◆ GIVEN DATA
□ □ □ □
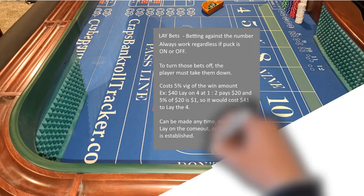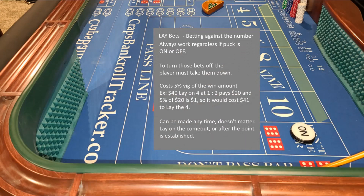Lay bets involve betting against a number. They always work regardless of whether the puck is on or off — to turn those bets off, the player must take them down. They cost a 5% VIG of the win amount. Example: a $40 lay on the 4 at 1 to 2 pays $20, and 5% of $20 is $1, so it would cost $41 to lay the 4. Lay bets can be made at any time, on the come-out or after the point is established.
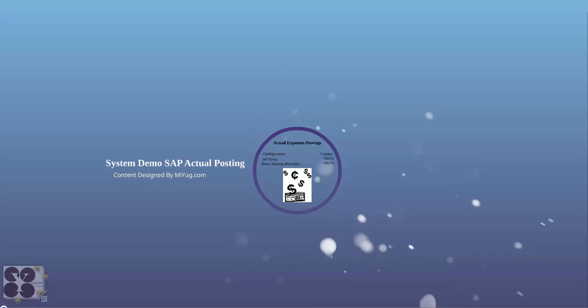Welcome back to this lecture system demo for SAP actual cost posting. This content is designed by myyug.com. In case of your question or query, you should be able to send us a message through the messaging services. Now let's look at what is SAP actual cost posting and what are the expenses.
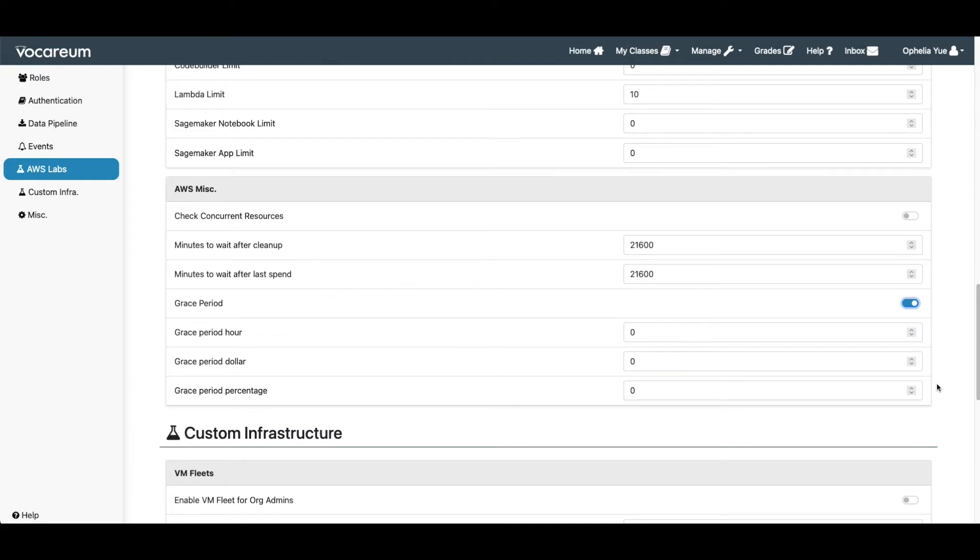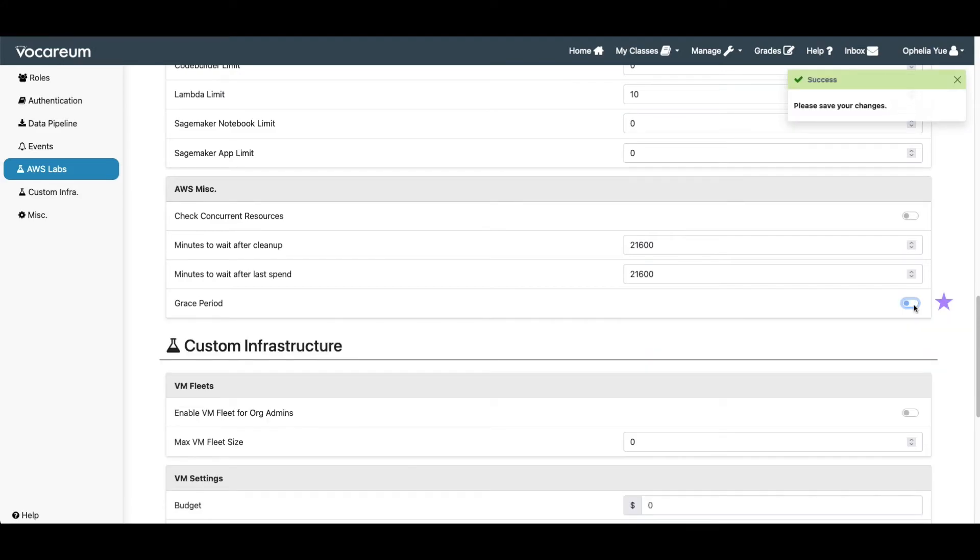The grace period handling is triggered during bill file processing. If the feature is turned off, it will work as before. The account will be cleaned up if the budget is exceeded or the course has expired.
□ □ □ □
◆ WHAT TO WORK ON
Pictures stay out. Print the data exactly, from its first line through the line containing "Welcome back to".

◆ FINISHED EXERCISE
Lay bets involve betting against a number. They always work regardless of whether the puck is on or off — to turn those bets off, the player must take them down. They cost a 5% VIG of the win amount. Example: a $40 lay on the 4 at 1 to 2 pays $20, and 5% of $20 is $1, so it would cost $41 to lay the 4. Lay bets can be made at any time, on the come-out or after the point is established.
Welcome back to this lecture system demo for SAP actual cost posting. This content is designed by myyug.com. In case of your question or query, you should be able to send us a message through the messaging services. Now let's look at what is SAP actual cost posting and what are the expenses.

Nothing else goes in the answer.